Variable-hour courses are those courses that have a range of possible credit hour options. Variable credit courses are repeatable for credit up to the number of hours shown in the catalog. The student will be graded each time they take the course. These courses do not fall under the "Repeat Policy" where a student can retake a course for a better grade.
For example, the University-wide listing of course numbers includes professional practice courses (198, 298, 398) that may be used by any department or school that wishes to offer a professional practice experience for their students. These courses are established for variable credit hours (1-16). After the course has gone through the curricular process (a proposal approved by the department chair/school director, Director of Professional Practice and UCC Executive Secretary) the department will establish the range of credit hours for that particular semester, as long as it does not go over the range of hours for which the course was initially approved. All versions of the x98 courses (including any decimalizations) can be established with variable hours so that the department or school has control over the number of hours for which a student enrolls in a given semester. (See professional practice: 198, 298, 398 under Definitions of Course Formats.)

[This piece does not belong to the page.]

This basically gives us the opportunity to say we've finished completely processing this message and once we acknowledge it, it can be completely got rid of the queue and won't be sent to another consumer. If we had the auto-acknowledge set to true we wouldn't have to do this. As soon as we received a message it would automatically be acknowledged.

Another type of variable credit course is STT 399 Student Teaching. To use this course, a department or school does not send through a proposal, they request a decimalization of STT 399 from the University Curriculum Committee Secretary and supply a syllabus (See "Decimalized Courses" under Definition of Course Formats). Students will register for the number of hours that the department or school has established within the range for student teaching which is 1-16 hours.

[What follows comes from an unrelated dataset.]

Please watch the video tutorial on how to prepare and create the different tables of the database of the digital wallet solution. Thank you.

Undergraduate programs are governed by Policy 2.1.9, Baccalaureate Degree Programs, which sets certain limits on what may be required. Please refer to the section "Requirements and Limitations for Degree Programs, Majors, Minors, and Semester Hours Mandated by a Major Department" in Policy 2.1.9 for information on hour limits and other program requirements.
Course prerequisites may be specific courses, minimum total credit hours required (in progress or completed), class standing (freshman, sophomore, etc..) or a combination of these things.
The phrase "consent of instructor" is not an enforceable prerequisite. If a department/school wants to require all students to have permission to enroll in a specific class/section they should request that the class/section have "Department Consent Required" when they submit their schedule.
If a course specifies that a course is a required co-requisite, the system will check to ensure that the student is enrolled in the course for the term the student is trying to register for. These should be written as "Concurrent registration in COM 110 required". If the department/school wants the course to be completed before or at the same time, it should be written as "COM 110 or concurrent registration".
There are system limitations for "concurrent registration required". If a student decides to go back, after they initially registered, and make changes to their schedule the system will NOT drop them from a class if they drop the required co-requisite. For example: ACC 200 states "Concurrent registration in ACC 199 required". A student registers initially for ACC 199 and then adds ACC 200 and later goes back into the registration system and drops the ACC 199 class, the system will allow them to do this and it will not require the student to drop the ACC 200 class even though they are no longer registered for the ACC 199 class.